The wood, he wrote, was used for pill-boxes, cart saddle-trees, gun-stocks, and half-pikes; for harrows, shoemakers’ lasts, heels, and clogs; and for forks, rake teeth, perches, rafters, ladders, hop poles, and bean stakes.
It also served to make hurdles, sieves, lattices, platters, small casks, pales, baskets, trays, trenchers, and boards for sharpening table knives. Evelyn even mentioned its use by painters for “scriblets”, which may have referred to charcoal used for sketching, still best made from willow wood today.
Willow has long been prized wherever water meets work. It has been used for the floats of paddle-steamers and the shrouds of water-wheels, and was once the preferred material for gunpowder charcoal until supplies became scarce.
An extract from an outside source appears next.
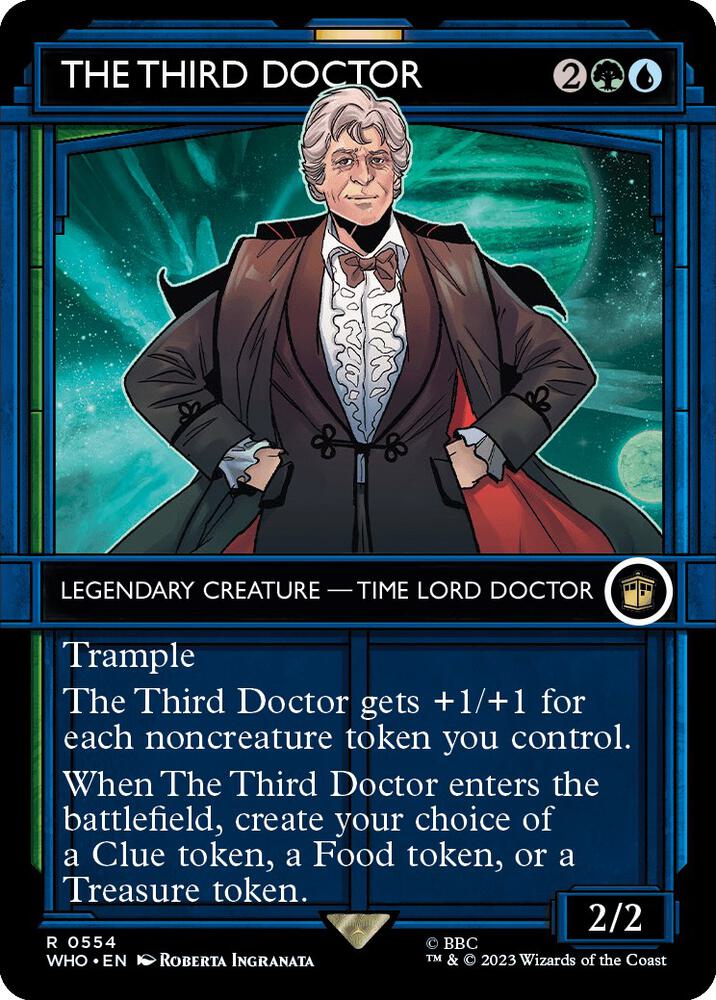 The Third Doctor (Showcase) (554) (WHO)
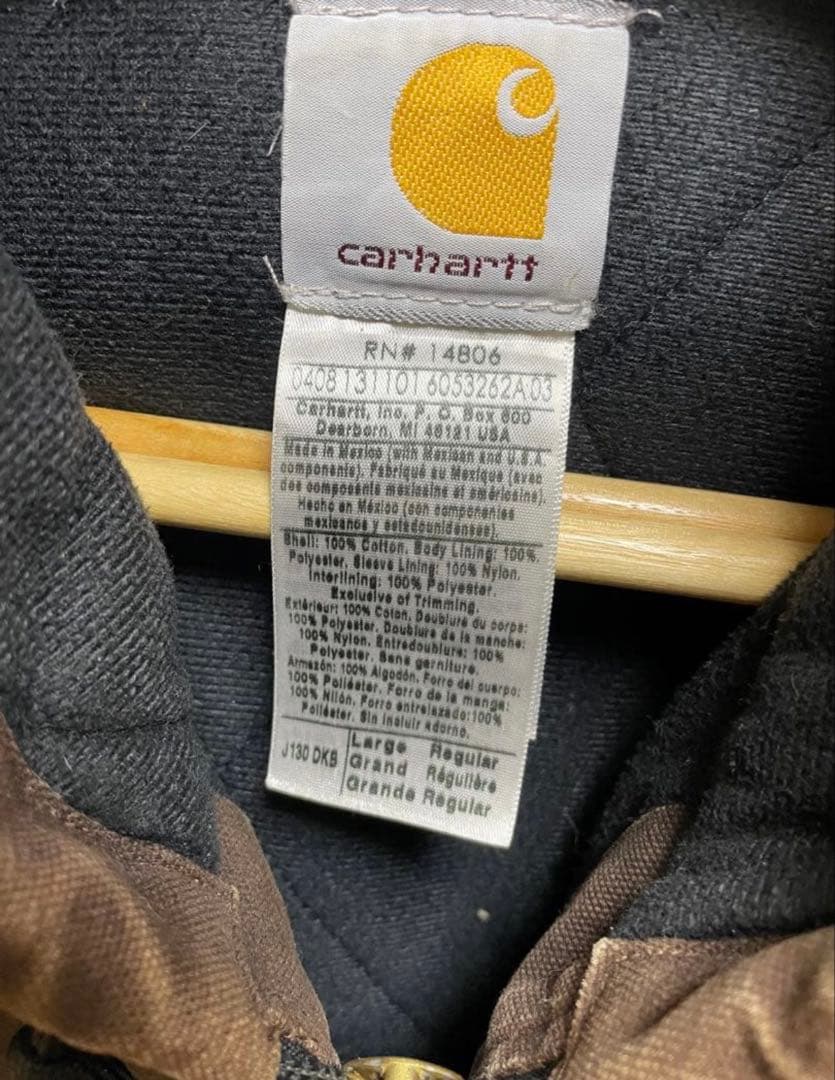よ*る様 カーハート　アクティブパーカー　アクティブジャケット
Beyond industry, the willow provides many natural benefits: it stabilises riverbanks, offers nectar for bees, yields clean-burning firewood, drains marshy soils, and feeds cattle with its leaves. Its bark, containing salicin, supplies a remedy for fever and ague, ailments common in the damp regions where willows thrive.
Both the bark and leaves are astringent, and the bark of many species can be used for tanning leather. In Norway and Russia, tanners have long preferred willow to oak, a practice said to contribute to the distinctive quality of Russian leather.